日本は米国の二〇年後を追っている。最近ガーデニングが注目されているが、「ハーブのある暮らしっていいじゃないか」ということを、少しずつ日本も思いはじめている。米国があれだけ心の成長を遂げたのだから、日本も同様になるだろう。ガストのような生産性追求や価格訴求の時代はもう終わった。ガーデンは、米国が二〇年前に追った夢を日本で再現しようとしているのではないだろうか。

積極的な広告宣伝の成果が出てきているようだ。最近は折り込みチラシが多く、先般のバーミヤンの全面広告はとくにインパクトが強かった。FR業界の中で頭一歩抜け出したのではないか。

メニュー開発を良い方向へ牽引しているのはバーミヤン。バーミヤンはプライスゾーンを八〇〇~一二〇〇円に絞っている。だからお客は安心して足を運べる。加えて二〇〇~三〇〇円の居酒屋クラスのメニューもあり割安感もある。逆に、ガーデン、ガスト、グリルはプライスゾーンにメリハリがない。これが問題だ。とくにガーデン。当初は単品志向だったのにセットメニューを打ち出して割高感が出てしまった。不振要因はこうした中途半端な価格設定にある。

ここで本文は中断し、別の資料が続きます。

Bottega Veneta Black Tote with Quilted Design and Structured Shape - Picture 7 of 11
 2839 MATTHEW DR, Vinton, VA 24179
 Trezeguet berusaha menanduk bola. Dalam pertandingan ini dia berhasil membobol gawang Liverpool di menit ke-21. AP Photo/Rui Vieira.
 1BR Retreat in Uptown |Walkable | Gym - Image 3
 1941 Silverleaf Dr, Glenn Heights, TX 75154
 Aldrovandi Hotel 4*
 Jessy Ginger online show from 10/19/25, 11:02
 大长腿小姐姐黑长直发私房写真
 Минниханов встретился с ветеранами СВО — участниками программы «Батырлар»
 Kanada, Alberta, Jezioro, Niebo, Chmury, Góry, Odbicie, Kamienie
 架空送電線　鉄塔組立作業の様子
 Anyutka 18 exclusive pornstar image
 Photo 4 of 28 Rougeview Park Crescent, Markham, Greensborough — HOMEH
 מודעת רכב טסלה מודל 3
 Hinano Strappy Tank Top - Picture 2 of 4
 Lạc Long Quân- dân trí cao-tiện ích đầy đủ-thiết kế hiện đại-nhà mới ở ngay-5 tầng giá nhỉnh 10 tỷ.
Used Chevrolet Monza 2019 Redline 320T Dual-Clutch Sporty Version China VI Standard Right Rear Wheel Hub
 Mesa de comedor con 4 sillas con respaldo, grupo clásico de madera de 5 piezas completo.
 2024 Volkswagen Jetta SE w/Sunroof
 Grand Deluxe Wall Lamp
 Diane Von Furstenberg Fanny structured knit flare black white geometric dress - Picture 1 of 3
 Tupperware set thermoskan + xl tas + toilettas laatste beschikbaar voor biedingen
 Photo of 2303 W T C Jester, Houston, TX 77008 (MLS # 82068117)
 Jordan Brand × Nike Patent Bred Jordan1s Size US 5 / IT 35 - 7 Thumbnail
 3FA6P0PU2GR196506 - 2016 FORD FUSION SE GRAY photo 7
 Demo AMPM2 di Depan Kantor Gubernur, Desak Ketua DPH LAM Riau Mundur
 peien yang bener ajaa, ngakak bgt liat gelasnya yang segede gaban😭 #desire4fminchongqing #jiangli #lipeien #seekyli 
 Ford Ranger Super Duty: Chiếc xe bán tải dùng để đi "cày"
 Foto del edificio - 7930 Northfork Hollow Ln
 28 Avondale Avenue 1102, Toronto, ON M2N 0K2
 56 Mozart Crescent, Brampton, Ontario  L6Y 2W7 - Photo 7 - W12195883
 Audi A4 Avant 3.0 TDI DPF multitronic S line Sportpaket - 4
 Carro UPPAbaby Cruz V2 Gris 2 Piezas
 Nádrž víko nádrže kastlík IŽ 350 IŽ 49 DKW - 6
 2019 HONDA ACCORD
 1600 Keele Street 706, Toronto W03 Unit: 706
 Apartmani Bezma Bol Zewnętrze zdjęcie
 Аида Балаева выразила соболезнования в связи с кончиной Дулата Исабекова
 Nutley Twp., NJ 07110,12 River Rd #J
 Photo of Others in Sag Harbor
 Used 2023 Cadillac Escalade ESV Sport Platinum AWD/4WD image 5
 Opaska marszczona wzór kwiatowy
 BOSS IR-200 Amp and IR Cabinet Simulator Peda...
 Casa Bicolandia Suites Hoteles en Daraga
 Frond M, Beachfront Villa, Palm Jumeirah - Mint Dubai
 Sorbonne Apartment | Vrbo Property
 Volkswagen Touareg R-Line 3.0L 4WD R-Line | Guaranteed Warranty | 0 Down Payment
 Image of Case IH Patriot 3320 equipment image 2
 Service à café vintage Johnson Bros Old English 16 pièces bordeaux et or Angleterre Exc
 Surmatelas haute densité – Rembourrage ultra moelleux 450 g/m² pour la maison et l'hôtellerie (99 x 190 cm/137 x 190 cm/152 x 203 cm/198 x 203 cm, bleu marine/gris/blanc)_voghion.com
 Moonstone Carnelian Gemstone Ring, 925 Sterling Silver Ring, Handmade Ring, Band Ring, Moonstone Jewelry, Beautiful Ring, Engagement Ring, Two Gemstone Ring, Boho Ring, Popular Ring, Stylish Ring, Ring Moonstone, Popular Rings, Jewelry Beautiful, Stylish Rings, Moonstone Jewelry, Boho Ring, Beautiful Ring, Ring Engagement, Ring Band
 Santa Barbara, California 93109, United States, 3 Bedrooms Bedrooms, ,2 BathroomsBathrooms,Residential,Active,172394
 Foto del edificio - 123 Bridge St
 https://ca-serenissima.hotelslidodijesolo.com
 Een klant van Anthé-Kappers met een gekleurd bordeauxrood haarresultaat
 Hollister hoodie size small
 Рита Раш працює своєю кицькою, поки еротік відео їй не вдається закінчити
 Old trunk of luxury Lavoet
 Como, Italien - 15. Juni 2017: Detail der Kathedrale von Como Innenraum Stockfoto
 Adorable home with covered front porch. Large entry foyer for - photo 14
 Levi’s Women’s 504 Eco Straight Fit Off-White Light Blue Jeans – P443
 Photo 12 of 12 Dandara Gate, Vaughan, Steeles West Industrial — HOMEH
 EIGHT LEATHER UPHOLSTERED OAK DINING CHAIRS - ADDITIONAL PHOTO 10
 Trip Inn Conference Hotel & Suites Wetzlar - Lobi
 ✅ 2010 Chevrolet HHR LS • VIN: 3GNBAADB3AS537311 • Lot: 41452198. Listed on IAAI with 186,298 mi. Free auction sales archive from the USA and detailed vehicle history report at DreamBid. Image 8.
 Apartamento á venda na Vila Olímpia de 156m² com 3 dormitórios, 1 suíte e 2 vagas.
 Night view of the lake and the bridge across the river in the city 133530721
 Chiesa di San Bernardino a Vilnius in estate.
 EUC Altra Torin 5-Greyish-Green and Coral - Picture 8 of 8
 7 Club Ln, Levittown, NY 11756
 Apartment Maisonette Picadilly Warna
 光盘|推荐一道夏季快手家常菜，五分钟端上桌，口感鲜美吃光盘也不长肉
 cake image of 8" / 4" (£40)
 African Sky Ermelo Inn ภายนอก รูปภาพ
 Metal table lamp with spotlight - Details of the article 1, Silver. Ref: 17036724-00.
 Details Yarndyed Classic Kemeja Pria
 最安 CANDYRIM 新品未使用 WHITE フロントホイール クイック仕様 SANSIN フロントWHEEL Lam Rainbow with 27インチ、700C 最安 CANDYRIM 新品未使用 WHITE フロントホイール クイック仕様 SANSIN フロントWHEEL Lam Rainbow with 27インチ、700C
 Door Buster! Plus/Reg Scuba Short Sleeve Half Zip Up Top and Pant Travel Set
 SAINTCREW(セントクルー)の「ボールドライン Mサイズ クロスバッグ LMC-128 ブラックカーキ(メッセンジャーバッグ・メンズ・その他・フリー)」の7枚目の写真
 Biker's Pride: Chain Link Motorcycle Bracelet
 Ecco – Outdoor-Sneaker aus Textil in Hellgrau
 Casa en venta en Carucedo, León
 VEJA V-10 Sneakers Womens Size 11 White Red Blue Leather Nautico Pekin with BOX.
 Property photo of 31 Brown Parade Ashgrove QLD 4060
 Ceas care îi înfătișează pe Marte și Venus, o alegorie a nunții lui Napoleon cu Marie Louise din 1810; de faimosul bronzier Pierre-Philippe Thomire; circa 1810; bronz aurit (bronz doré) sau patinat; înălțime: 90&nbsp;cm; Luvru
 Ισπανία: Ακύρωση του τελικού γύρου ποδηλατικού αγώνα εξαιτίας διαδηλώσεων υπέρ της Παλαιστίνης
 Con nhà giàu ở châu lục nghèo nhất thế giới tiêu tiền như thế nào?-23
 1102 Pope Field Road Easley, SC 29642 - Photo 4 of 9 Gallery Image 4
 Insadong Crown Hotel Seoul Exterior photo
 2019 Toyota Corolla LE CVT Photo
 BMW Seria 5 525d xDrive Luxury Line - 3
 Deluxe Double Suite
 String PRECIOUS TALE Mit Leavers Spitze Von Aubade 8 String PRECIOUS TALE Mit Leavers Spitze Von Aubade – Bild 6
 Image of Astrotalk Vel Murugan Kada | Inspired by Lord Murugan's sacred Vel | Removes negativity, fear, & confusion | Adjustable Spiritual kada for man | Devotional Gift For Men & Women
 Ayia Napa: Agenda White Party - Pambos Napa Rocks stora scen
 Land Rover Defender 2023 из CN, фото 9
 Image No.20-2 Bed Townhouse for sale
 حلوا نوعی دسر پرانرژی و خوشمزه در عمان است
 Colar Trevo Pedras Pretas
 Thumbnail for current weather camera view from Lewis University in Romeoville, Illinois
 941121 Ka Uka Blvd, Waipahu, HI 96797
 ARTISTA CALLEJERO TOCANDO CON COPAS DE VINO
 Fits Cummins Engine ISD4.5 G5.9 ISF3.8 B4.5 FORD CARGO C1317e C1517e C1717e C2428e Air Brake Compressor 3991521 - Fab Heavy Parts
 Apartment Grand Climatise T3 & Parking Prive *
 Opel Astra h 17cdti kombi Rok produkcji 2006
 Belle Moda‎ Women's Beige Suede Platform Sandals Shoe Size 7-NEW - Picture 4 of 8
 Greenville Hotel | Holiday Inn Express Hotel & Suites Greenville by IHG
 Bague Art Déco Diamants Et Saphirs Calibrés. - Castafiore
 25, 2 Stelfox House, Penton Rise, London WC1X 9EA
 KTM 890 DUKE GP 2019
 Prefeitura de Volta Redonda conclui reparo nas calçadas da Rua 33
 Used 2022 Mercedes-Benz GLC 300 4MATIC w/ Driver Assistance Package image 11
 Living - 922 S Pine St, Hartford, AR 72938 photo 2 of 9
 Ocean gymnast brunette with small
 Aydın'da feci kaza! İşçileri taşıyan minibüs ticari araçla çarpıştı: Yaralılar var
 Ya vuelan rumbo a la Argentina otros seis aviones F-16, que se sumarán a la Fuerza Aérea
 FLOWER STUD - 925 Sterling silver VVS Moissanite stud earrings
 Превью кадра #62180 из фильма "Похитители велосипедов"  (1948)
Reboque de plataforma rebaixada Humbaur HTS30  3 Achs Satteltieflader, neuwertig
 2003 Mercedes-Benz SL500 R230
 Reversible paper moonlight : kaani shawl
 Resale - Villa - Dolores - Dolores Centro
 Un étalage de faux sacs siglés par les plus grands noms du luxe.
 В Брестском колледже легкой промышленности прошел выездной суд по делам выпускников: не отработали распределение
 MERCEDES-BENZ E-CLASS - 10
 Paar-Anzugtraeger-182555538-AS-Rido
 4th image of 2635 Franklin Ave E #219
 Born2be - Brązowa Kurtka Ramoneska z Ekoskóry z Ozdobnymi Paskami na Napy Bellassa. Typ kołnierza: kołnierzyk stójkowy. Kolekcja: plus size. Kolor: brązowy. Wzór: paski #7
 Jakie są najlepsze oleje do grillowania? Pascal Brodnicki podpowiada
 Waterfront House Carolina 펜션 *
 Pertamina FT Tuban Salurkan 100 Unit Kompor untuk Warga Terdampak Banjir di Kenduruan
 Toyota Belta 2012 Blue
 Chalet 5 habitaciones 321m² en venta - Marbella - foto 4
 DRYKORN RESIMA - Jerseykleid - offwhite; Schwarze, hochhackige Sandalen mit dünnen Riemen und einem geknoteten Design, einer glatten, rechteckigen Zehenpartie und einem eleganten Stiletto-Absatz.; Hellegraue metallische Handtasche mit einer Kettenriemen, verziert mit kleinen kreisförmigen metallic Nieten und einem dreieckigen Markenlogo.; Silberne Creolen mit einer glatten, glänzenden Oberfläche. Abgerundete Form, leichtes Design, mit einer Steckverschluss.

メニュー開発は上手なのに、プライスゾーンまでいじるからおかしくなる。お客の利用動機に沿ったプライスゾーンに落とし込めれば、必ず売れると思う。

すかいらーくは今回、好調なバーミヤンを吸収し、総合力を強めたイメージがある。だが、ウイークポイントの人材面については未解決。FFや弁当屋など数多く実験し、ことごとく失敗しているが、大したことはない。戦略的大失敗は社員対策、人事面である。

その根底にあるのは旧態依然としたチェーンストア理論への執着だ。本部は現場(店)に対し、「いっさい創造工夫をするな」「考えるな」「言った通りにやれ」という。そして人使いも荒い。FR創生期、飲食店の地位が低かったころは、それでも成功した。むしろそれだけで十分だった。しかし、現在は従業員の知的レベルが上昇し、ユーザーニーズも変化し続けている。従来のやり方は通じない。

厨房機器、食材加工、店舗開発、物流など、ハードは進歩しているのに、人材というソフト面が立ち後れている。店長が代わるとアルバイトも全部代わるなんてことが、いまだある。サービスレベルのアップ・ダウンが激しいというのは、そこに起因する。

すかいらーくの課題は、チェーンストア理論で過ごしてきた社員を今後どのように生かすかだ。のれん分けなど社員独立のシステムを打ち出せるか否かがカギとなろう。

数字ではそれなりの結果を出している。が、現場の従業員がそれに見合う充足感と価値観を持っているか、お客さまが価格が安いというだけで本当に満足しているか、はなはだ疑問である。株式を上場すると、どうしても数字ばかり追ってしまう。しかし数字は株主が評価するものであって、お客さまの評価ではない。すかいらーくグループのなかでハイレベルかつ好調なのは間違いなくジョナサンである。そのジョナサンの数字が悪くて、他ブランドの数字が良いのだから、本当の優劣は数字だけで判断できない。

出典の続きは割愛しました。